**TO DO**
Go through the material and copy each line in which the word "setup" shows up.

--- DATASET EXTRACT ---

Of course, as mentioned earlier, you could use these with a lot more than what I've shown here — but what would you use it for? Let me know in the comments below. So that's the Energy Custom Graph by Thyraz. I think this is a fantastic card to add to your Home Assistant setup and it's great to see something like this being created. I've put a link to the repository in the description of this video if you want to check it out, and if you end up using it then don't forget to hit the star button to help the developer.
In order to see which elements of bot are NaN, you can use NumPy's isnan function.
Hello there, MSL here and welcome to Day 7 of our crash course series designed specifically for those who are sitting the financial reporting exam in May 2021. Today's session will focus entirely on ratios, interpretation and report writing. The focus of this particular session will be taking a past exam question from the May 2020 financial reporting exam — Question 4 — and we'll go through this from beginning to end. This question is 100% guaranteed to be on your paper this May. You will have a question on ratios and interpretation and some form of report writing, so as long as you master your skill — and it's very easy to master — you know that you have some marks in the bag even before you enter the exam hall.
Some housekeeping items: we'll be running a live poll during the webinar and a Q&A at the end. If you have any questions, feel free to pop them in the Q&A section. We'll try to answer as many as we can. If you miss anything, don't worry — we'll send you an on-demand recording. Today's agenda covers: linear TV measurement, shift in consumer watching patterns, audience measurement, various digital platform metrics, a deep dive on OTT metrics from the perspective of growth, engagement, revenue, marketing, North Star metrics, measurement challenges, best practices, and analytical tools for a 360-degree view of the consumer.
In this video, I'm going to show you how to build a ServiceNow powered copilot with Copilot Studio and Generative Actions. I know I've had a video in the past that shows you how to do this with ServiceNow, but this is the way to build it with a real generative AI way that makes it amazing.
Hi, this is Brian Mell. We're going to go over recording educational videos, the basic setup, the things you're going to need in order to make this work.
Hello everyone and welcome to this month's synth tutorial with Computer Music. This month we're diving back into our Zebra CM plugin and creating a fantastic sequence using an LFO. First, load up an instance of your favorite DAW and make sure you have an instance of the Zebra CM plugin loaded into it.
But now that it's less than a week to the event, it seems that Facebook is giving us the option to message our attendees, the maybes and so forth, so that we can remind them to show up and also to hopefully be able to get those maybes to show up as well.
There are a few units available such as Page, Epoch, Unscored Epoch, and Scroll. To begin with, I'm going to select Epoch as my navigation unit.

---

**ANSWER BELOW**
Of course, as mentioned earlier, you could use these with a lot more than what I've shown here — but what would you use it for? Let me know in the comments below. So that's the Energy Custom Graph by Thyraz. I think this is a fantastic card to add to your Home Assistant setup and it's great to see something like this being created. I've put a link to the repository in the description of this video if you want to check it out, and if you end up using it then don't forget to hit the star button to help the developer.
Hi, this is Brian Mell. We're going to go over recording educational videos, the basic setup, the things you're going to need in order to make this work.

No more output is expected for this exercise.